Introducing the Security metrics library scorecard and enhanced Snyk Integration for Compass

We recently added a new Security metrics library scorecard backed by an enhanced Snyk integration. These new features are designed to help teams of all sizes implement, measure, and improve security standards across their software components.

Why Security Scorecards?

Security is a top priority for every engineering organization, but not every team has a formal standard in place or knows how to track progress toward one. The new Security metrics library scorecard provides a ready made starting point, making it easy to measure key security metrics and inspire teams to define and improve their own standards using Compass.

What’s New?

Predefined Security Metrics

The Security metrics library scorecard comes with a set of predefined, actionable metrics, backed by the new Vulnerability event type:

• Open critical severity vulnerabilities (last 28 days)

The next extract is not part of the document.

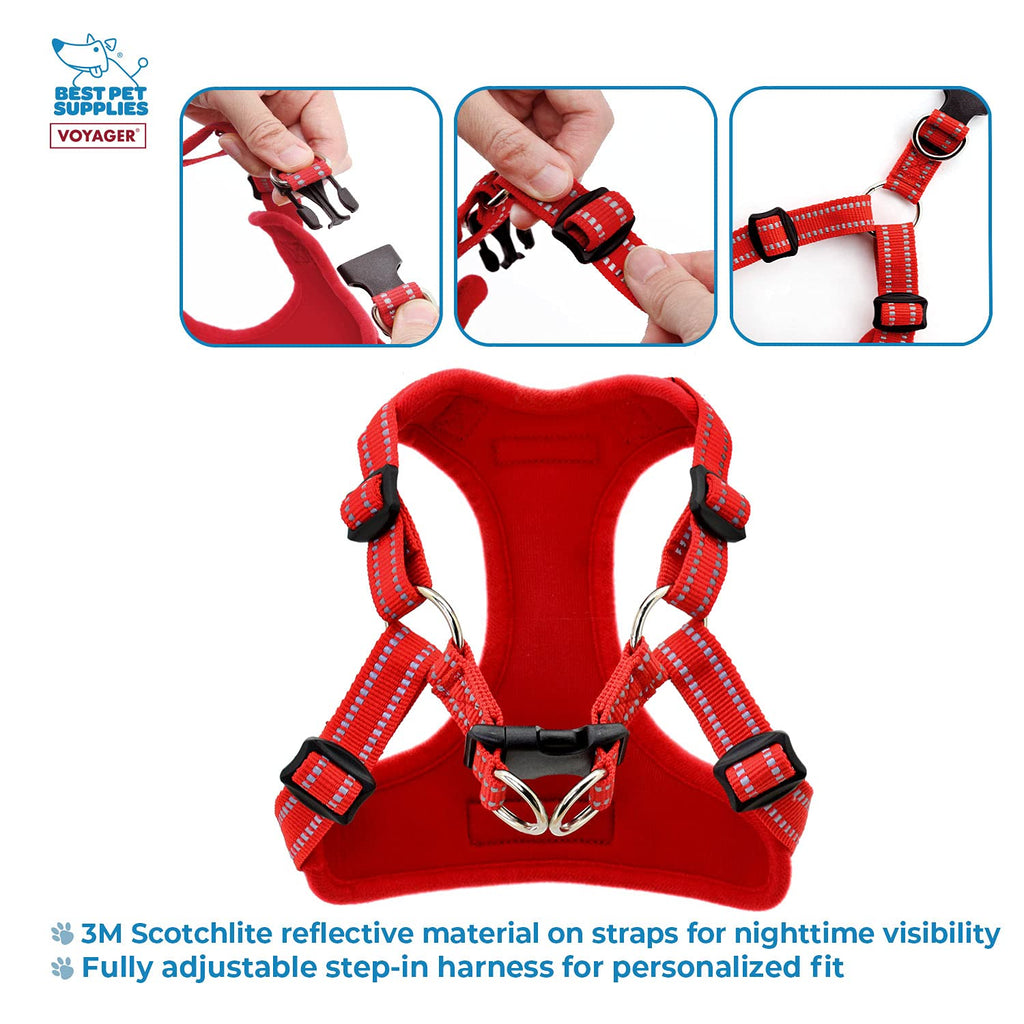 Best Pet Supplies Voyager Step-in Dog Harness - Size L, Red - Breathable Mesh with Reflective Straps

• Open high severity vulnerabilities (last 28 days)

• Mean time to remediate critical vulnerabilities (average of last 10)

• Mean time to remediate high vulnerabilities (average of last 10)

These metrics give you immediate visibility into your security posture and help you track improvements over time.

Enhanced Snyk Integration

We’ve updated the Snyk for Compass integration to send standardized Vulnerability events, which automatically populate the new scorecard metrics. This means you can connect your Snyk account and start seeing real security data in Compass right away, no custom setup required.

• Easy setup: Connect Snyk directly from the Scorecard Details screen.

• Automated data collection: Snyk scans your repositories and feeds vulnerability data into Compass.

• Actionable insights: See where your critical and high-severity issues are, and how quickly you’re resolving them.

Who Is This For?

• Teams without a security standard: Get started quickly with best-practice metrics.

• Teams new to Compass: See the value of integrating your security tools and data.

• Teams looking to improve: Use the scorecard as a baseline and customize as your needs evolve.

Note: If you already have an advanced, custom security standard, you can still create your own scorecards from scratch in Compass.

How to Get Started

1. Add the Security metrics library scorecard from the Compass scorecard library on the Health page.

2. Install the Snyk app, connect your account, and add a repository link using the quick connect module.

3. Review your metrics and start tracking your security posture.

What’s Next?

We’re eager to see how teams use these new features to raise the bar on security across their orgs. As always, your feedback is invaluable.